A conversão do longa em símbolo dessa agenda ideológica passou pelo endosso de conservadores como Donald Trump, Elon Musk e Mel Gibson (que é um dos produtores). Além disso, o roteiro usa como pano de fundo uma teoria disseminada pelo movimento conspiratório QAnon. Entre várias ideias delirantes, a organização obscura denuncia (sem provas) a existência de uma rede de tráfico infantil mundial promovida pela esquerda —tática para alarmar a população e demonizar os liberais. Inspiração do filme, o ex-agente Tim Ballard — por ironia do destino — é acusado de má conduta sexual durante suas operações de resgate por pelo menos sete colegas de trabalho. Ele também nega que a obra tenha ligação com o QAnon. Mas fez questão de que o papel dele próprio fosse vivido pelo ator Jim Caviezel, notório apoiador do QAnon e astro de A Paixão de Cristo (2004).
Na esteira do extremismo pop, até certa música country radical vem causando barulho nas paradas americanas. É o caso do hit Try This in a Small Town (Tente Isso em uma Cidade Pequena, em tradução livre), em que o músico Jason Aldean, do estado sulista da Geórgia, prega que arruaceiros, assaltantes e rebeldes que desrespeitam policiais não têm vez em cidades pequenas, já que elas são protegidas por homens armados que não abrem mão de se defender. Com acordes de guitarra e um clipe com cenário patriótico, a música desbancou Taylor Swift do topo do ranking da Billboard e acumula mais de 36 milhões de reproduções no YouTube em dois meses. “Tenho uma arma que meu avô me deu / Dizem que um dia eles vão nos cercar / Bem, essa porcaria pode funcionar na cidade grande”, diz um dos versos raivosos. Lançada pelo músico independente e fazendeiro Oliver Anthony, Rich Men North of Richmond (Homens Ricos do Norte de Richmond) é outro sucesso do ramo. A letra fala de um operário cansado de ser supostamente explorado pelas elites de Washington, acusadas de pagar uma merreca para a classe trabalhadora. A mensagem anticapitalista, ironicamente, foi apropriada por políticos da extrema direita como a deputada republicana Marjorie Taylor Greene, que definiu a música como um “hino dos americanos esquecidos que realmente apoiam esta nação”.
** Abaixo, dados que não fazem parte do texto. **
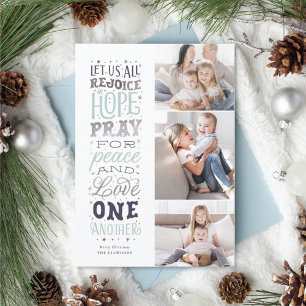 Rejoice Religieux Faux Argent Foil Carte de Noël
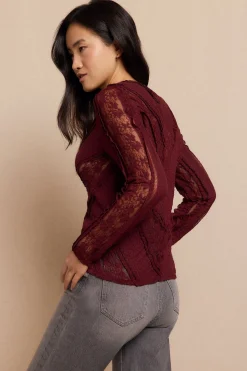 Slowlove Top encaje combinado Vino Sale
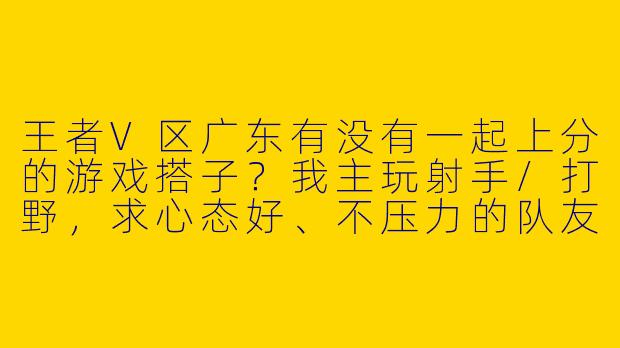 王者V区广东有没有一起上分的游戏搭子？我主玩射手/打野，求心态好、不压力的队友！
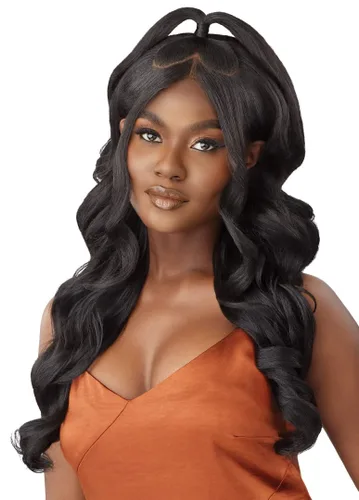 Vista 5 de Outre - Peluca con cierre de encaje 5x5 - Mezcla de cabello humano - Rizo corporal de 24 pulgadas (NEGRO OFF 1B)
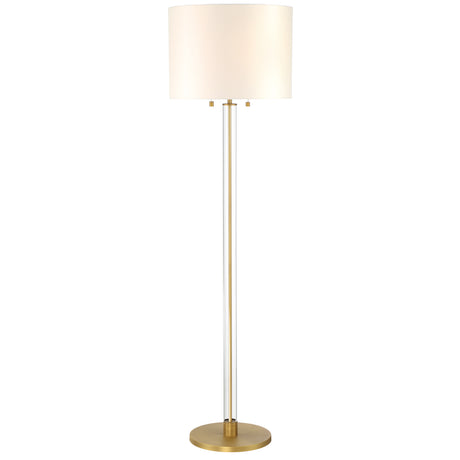 Laurel Glass Cylinder Floor Lamp 62", Satin Brass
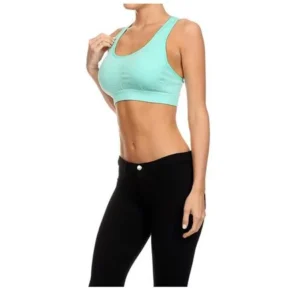 Women's Athletic Racerback Sports Bra Support Gym Yoga Workout Active Wear Teal Medium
Com o Som da Liberdade e o novo country que se autoproclama “libertário”, a direita radical estabelece uma cultura pop para chamar de sua. É um fenômeno assustador, mas a bilheteria do longa e as reproduções das músicas atestam que a onda tem força — e, pior de tudo, que a polarização ideológica está longe do fim nos Estados Unidos. Para a guerrilha extremista, isso é música para os ouvidos.